Pasaba antes a menudo por el número 103 del Paseo de La Habana, en Madrid. Y he visto hace unos días que el comercio tradicional que funcionaba ahí a pie de calle ya no existe. Qué pena, porque desaparece así uno de los escasísimos establecimientos de la capital donde aún flameaba la palabra “Ultramarinos”. Ahora se ve un cartel que dice “Coko’s Catering”.
Eso probablemente sucedió tiempo atrás, pero me he dado cuenta ahora. (A veces ocurren hechos que uno, en su ingenuidad, tarda en percibir, y que después se le manifiestan con crudeza por no haber estado atento).
Siempre me fascinó el vocablo “ultramarinos”, porque representa el mecano que nuestra lengua ensambla para ampliar sutilmente el significado de un término.
“Ultramarinos” consta de cinco sílabas, doce letras y seis cromosomas o rasgos morfológicos que ponen luz sobre su significado. Antes de llegar a la simple base “mar”, apreciamos el elemento compositivo latino ultra-, que, entre otros valores semánticos, significa “más allá” o “al otro lado de”. Con ello disponemos ya de la base ampliada “ultramar”.
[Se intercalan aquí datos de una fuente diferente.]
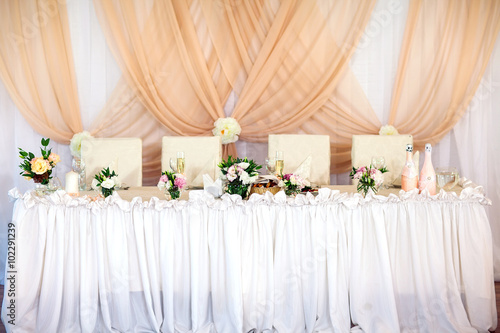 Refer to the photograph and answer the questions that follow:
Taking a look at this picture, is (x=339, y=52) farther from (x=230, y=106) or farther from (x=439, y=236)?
(x=439, y=236)

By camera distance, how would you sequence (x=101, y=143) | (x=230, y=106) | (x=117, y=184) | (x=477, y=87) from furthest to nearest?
(x=230, y=106), (x=477, y=87), (x=101, y=143), (x=117, y=184)

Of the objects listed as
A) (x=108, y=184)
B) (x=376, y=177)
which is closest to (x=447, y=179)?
(x=376, y=177)

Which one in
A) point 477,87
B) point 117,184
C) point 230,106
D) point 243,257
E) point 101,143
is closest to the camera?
point 243,257

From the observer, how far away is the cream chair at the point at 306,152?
4.07 meters

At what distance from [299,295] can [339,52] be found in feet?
7.67

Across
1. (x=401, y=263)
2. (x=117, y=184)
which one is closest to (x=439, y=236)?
(x=401, y=263)

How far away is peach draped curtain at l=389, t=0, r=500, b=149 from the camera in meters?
4.32

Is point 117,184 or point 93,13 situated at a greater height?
point 93,13

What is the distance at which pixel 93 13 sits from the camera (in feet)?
14.6

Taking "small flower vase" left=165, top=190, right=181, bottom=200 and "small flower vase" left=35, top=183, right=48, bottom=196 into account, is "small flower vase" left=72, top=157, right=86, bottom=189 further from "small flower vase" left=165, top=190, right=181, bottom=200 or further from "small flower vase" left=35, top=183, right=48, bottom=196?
"small flower vase" left=165, top=190, right=181, bottom=200

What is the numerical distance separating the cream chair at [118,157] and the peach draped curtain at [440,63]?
2122mm

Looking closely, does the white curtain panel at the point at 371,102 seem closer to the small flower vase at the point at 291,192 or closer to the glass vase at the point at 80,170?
the glass vase at the point at 80,170

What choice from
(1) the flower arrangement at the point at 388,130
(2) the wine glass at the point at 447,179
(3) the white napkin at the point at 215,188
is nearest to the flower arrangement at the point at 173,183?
(3) the white napkin at the point at 215,188

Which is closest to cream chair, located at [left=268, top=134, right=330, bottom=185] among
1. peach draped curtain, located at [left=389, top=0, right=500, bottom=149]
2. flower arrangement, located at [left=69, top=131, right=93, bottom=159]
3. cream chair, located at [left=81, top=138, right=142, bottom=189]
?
peach draped curtain, located at [left=389, top=0, right=500, bottom=149] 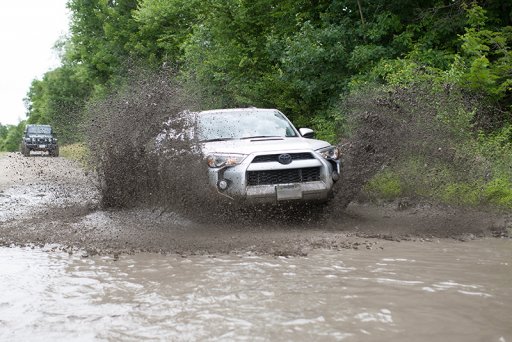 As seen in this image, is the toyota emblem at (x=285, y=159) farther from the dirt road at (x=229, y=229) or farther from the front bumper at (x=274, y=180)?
the dirt road at (x=229, y=229)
Por la parte derecha se le añadió el sufijo -ino, acerca del cual todos los hablantes sabemos intuitivamente que sirve para formar adjetivos con el significado de pertenencia o relación (cervantino, andino, capitalino…). Así pues, deducimos en un milisegundo que a la base “mar” y al elemento ultra- –y por tanto a la nueva base “ultramar”– se ha incorporado la noción de adjetivo que se refiere a aquello que se encuentra al otro lado del mar.
Y finalmente, dentro de ese sufijo -ino identificamos los morfemas del masculino (-o) y del plural (-s).
Todas esas piezas constituyen la extensa palabra “ultramarinos”, a partir de una sencilla sílaba que nos habla del mar. En este caso, del mar por antonomasia: el océano; y del océano por antonomasia: el Atlántico. Y de los productos ofrecidos en esas tiendas, que llegaban de América principalmente pero también de Asia: el cacao, el café, el azúcar cande, la canela, el clavo, el té… Los traían en abundancia durante el siglo XIX decenas de barcos que entraban por el puerto de Cádiz.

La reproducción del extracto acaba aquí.